| WHAT
AIRPLANE IS THIS?
Fairchild C-123 Provider

Before the start
of World War II, the Army Air Force had little interest in buying
transport aircraft. Then commander of all Army Air Forces, General
Henry “Hap” Arnold, didn’t think much of using
airplanes for anything but bombing the enemy. He considered fighters
as good only to defend airfields and even prevented the installation
of wing racks to carry extra fuel tanks, increasing a fighter’s
range, because he thought they might be used to carry bombs for
close ground support operations. Many thousands of American airmen
died learning the lesson that bombers needed long range escort before
wing tank racks were restored.
But those were
the days of “the bomber will always get through” and
ground forces were only good to “occupy enemy territory already
destroyed by the bombers.” So why detract from air power to
support “useless” ground soldiers? Fortunately, those
leading the air war quickly learned the lessons that this major
war was teaching and adjusted their thinking. But since only bombers
and fighters were any good, who needed transport airplanes?
Well, one of
the big military lessons of the war was that a modern army requires
enormous amounts of munitions, food and other supplies in order
to conduct operations.
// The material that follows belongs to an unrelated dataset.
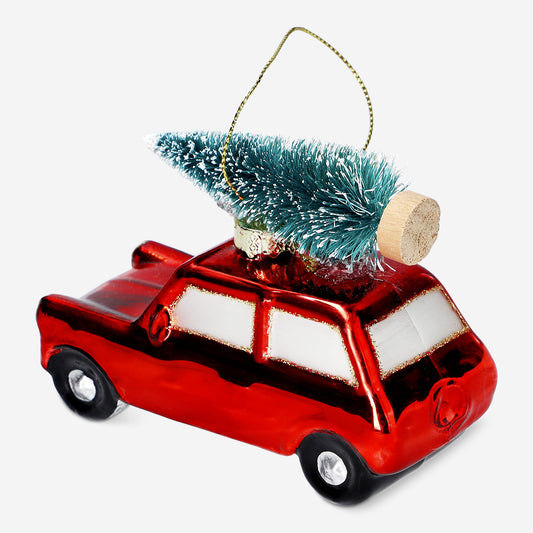  BAUBLE GLASS WITH CAR W. CHRISTMAS TREE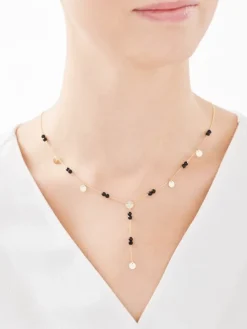 Naszyjnik z żółtego złota z diamentami i rubinem - próba 585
In fact, the amounts of replacement equipment,
troop replacements, and re-supply needed proved staggering. Throughout
the war, US armed forces paid dearly for the lack of sufficient
quality transport aircraft. Instead of using large, armored transport
airplanes, most supply operations were performed by converted airliners
like the DC-3, which became the C-47, and the C-54 originally built
as the Douglas DC-4.
While these
were quality airplanes in civil use, they were completely without
armor plating and so were easy targets for ground fire. Their load
carrying ability was less then ideal and they were just not “heavy
duty” enough for prolonged military use in remote corners
of the world. Still, flown by very brave crews, these and other
transport aircraft like the C-46 Commando served with distinction
throughout the war.
At war’s
end, the military did not want to repeat their wartime transport
problems. As a result, the next ten years saw more transport airplanes
designed, purchased and entering service than any other type. The
contest aircraft was one of these designs.
Boeing B-29’s
were redesigned into transports and called C-97 Stratocruisers.
Douglas built the first “drive through” airplane, the
Globemaster II, with a nose loading ramp. Fairchild took a 50 ft.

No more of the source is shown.